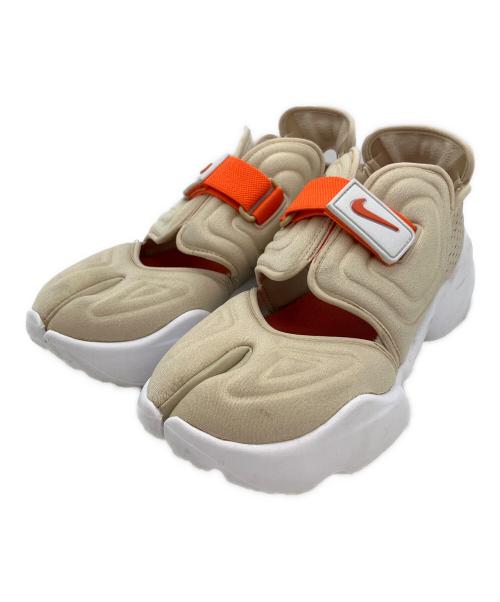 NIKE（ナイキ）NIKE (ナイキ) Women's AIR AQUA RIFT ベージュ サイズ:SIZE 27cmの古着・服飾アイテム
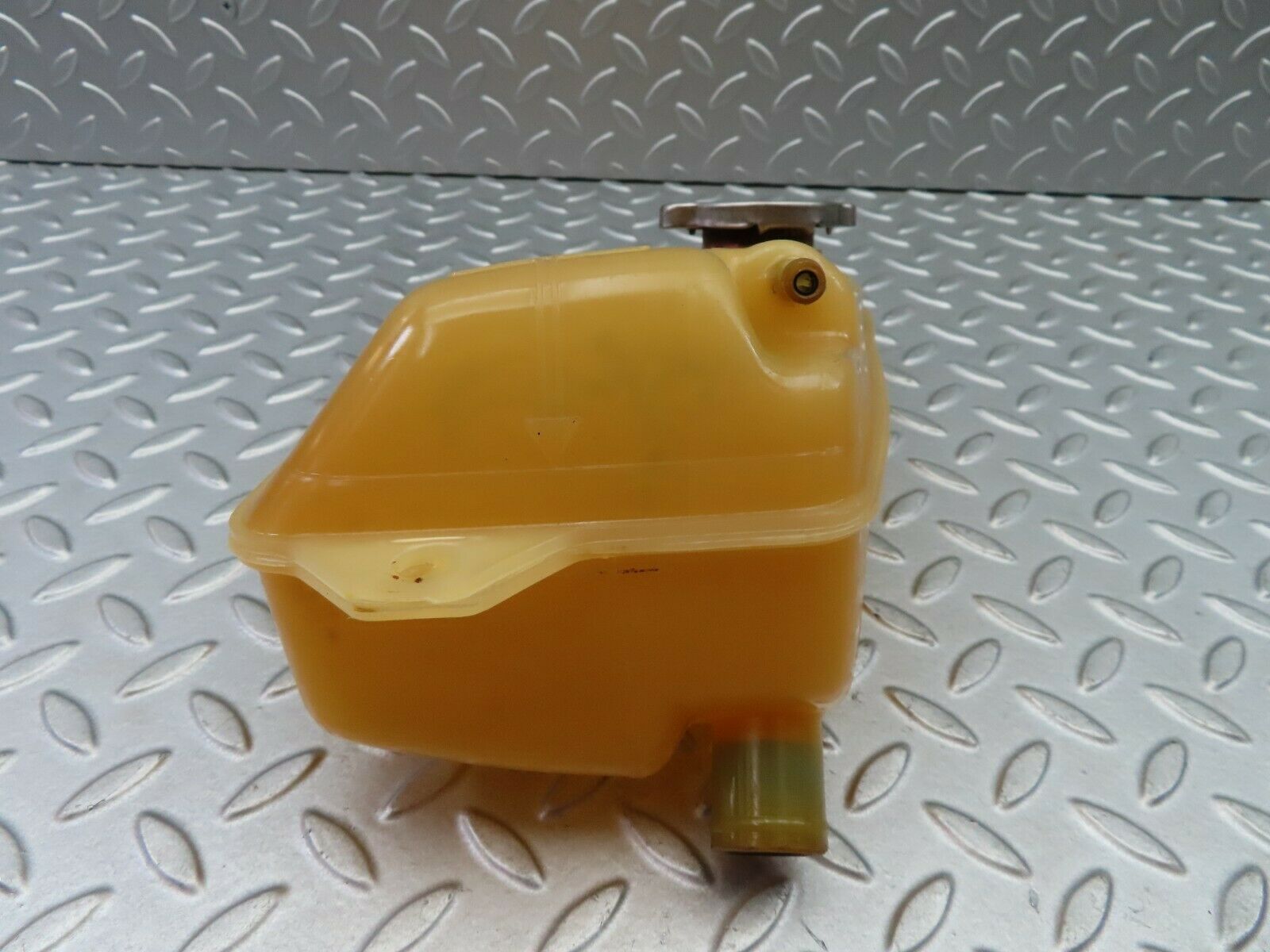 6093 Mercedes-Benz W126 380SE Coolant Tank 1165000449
-=-=-
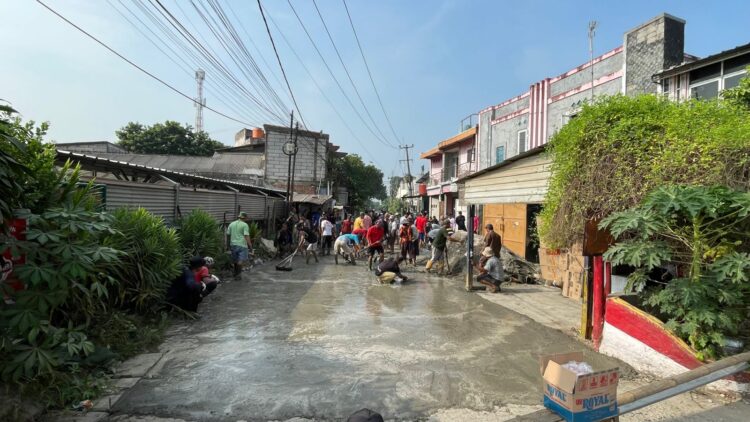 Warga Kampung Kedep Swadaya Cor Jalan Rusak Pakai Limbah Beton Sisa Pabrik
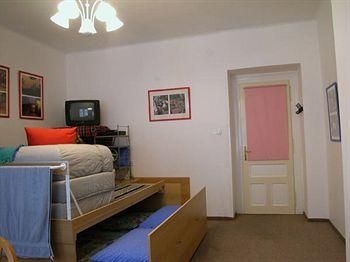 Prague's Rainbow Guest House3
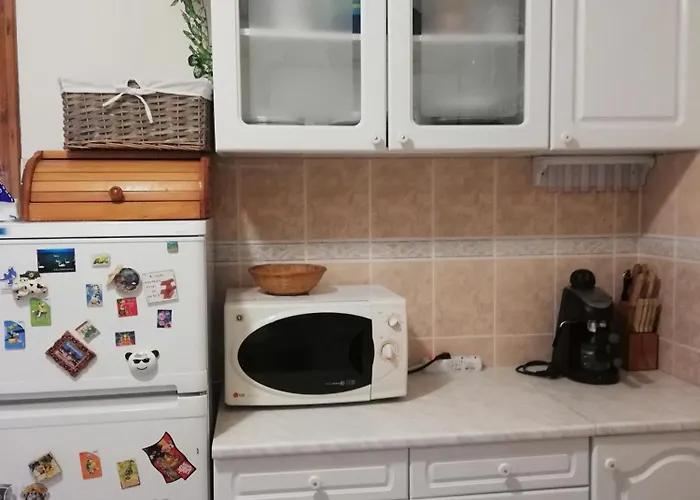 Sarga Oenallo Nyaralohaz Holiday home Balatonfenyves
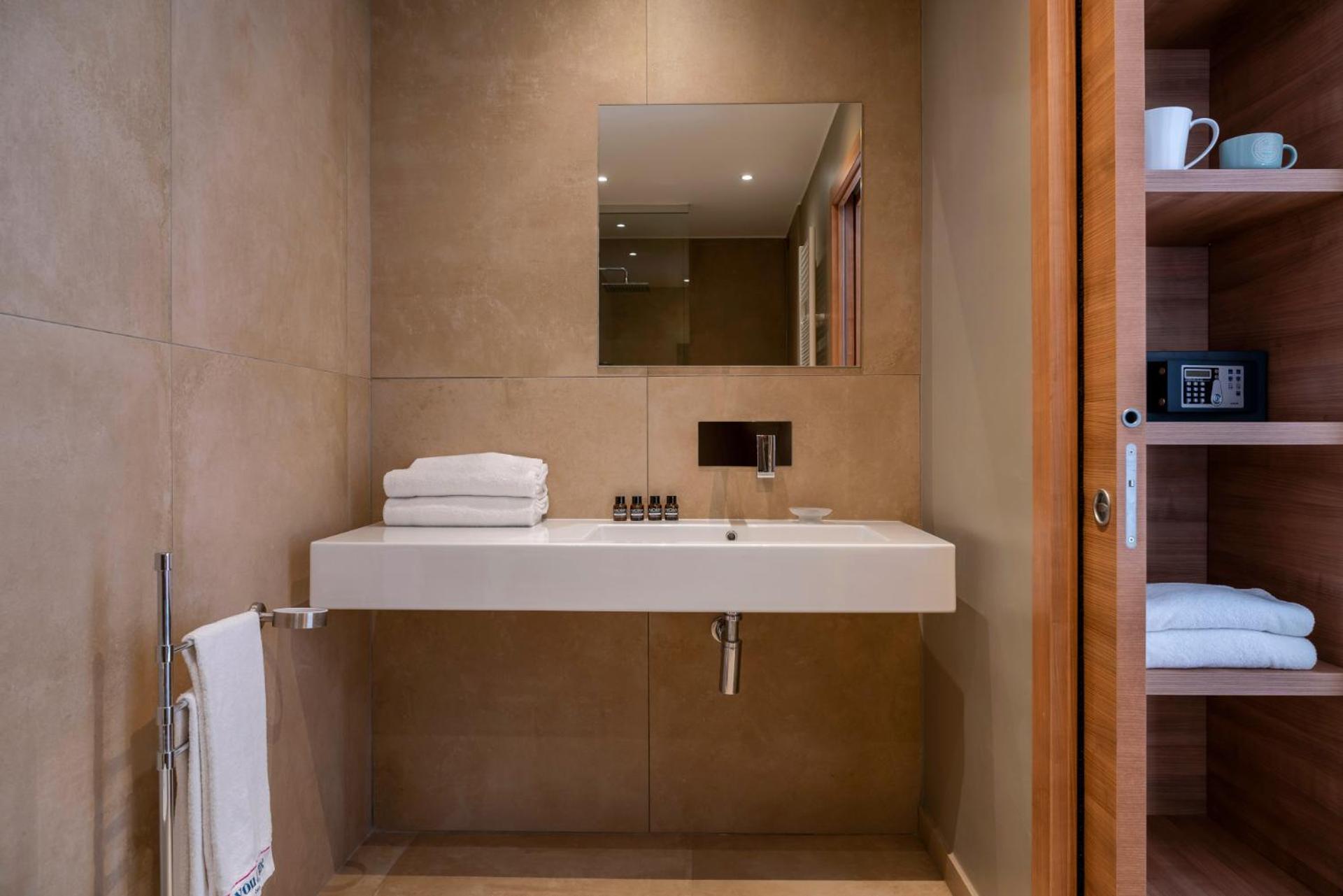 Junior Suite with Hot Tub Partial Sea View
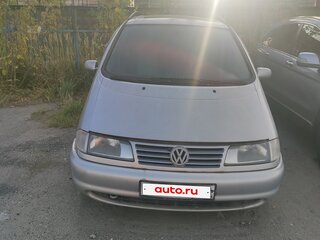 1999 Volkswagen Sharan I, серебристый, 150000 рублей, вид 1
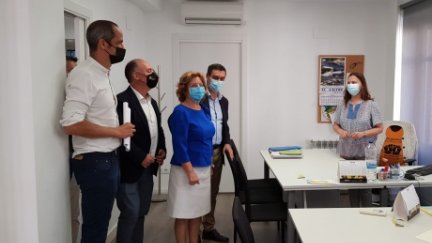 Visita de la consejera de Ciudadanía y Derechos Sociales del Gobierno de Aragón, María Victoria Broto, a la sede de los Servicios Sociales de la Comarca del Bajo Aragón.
-=-=-
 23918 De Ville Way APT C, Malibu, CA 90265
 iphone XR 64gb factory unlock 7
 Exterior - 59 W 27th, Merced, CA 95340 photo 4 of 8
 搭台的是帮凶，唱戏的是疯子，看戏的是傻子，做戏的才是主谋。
-=-=-
- [TASK PROMPT] What you return must match, character for character, the lines above from the one with "Warga Kampung Kedep" through the one with "Visita de la", minus any pictures.

- [TASK OUTPUT]
 Warga Kampung Kedep Swadaya Cor Jalan Rusak Pakai Limbah Beton Sisa Pabrik
 Prague's Rainbow Guest House3
 Sarga Oenallo Nyaralohaz Holiday home Balatonfenyves
 Junior Suite with Hot Tub Partial Sea View
 1999 Volkswagen Sharan I, серебристый, 150000 рублей, вид 1
 Visita de la consejera de Ciudadanía y Derechos Sociales del Gobierno de Aragón, María Victoria Broto, a la sede de los Servicios Sociales de la Comarca del Bajo Aragón.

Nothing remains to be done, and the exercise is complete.